Stored data section start
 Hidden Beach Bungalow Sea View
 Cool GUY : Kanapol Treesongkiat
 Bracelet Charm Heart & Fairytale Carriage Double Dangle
Stored data section end
Find "Cool GUY : Kanapol Treesongkiat" in the data above, then repeat that line and all lines after it exactly, ending with the final line.

Finished exercise:
 Cool GUY : Kanapol Treesongkiat
 Bracelet Charm Heart & Fairytale Carriage Double Dangle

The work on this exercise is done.